The B 55 is not a regular Mercedes-Benz model. Nor is it being considered for sale – not now or at any time in the future. Sadly, I should add. Because this wild take on the otherwise wholesomely conservative B-class, created by a team of trainees at Mercedes' Rastatt factory in Germany, is an absolute riot.
As its name suggests, the superbly constructed one-off prototype is well removed from the standard B-class. Having started off life as a humble B 200 CDI, it has been liberated from its standard turbocharged 2.0-litre four-cylinder diesel engine. Shoehorned into its place and other areas of the engine bay is Mercedes’ recently superseded 5.5-litre petrol V8 packing an added 243bhp at 383bhp and 170lb ft more torque at 391lb ft.
What's it like?
Just how the new engine fits under the heavily sloping bonnet and within the tight confines of the compact MPV using the original mounts and without any modification to the standard steel body structure remains somewhat of a mystery, but with polished chrome inlet plumbing and other visual tweaks, it certainly looks the goods.

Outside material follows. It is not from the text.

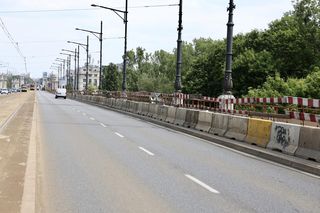 Fatum nad mostem Poniatowskiego. Remont trwa dwa lata, a końca nie widać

It sounds it, too. Turn the key and you’re treated to a deliciously throaty soundtrack thanks to a new exhaust system created from various replacement parts that does without the usual silencers and back-pressure reducing trickery. If you didn't know, you could be forgiven for thinking it was the product of AMG, which apparently had no direct input into the new car.
The engine is not the only highlight. Mercedes' trainees have also ditched the B-class's front-wheel drive layout for rear-wheel drive, running a propshaft from its new seven-speed automatic gearbox under the flat floor towards the rear where it mates with an axle from the old E 430 Estate; Its 1540mm rear track allowed them to retain standard rear bodywork but required new pick-up points for the rear multi-link suspension and a smaller fuel tank.
To cope with the increased performance, it also adopts the brakes from the decade-old C 32 AMG with 345mm discs up front and 300mm at the rear. Because of the limited development, though, there's no traction control or stability program to corral the engine's reserves.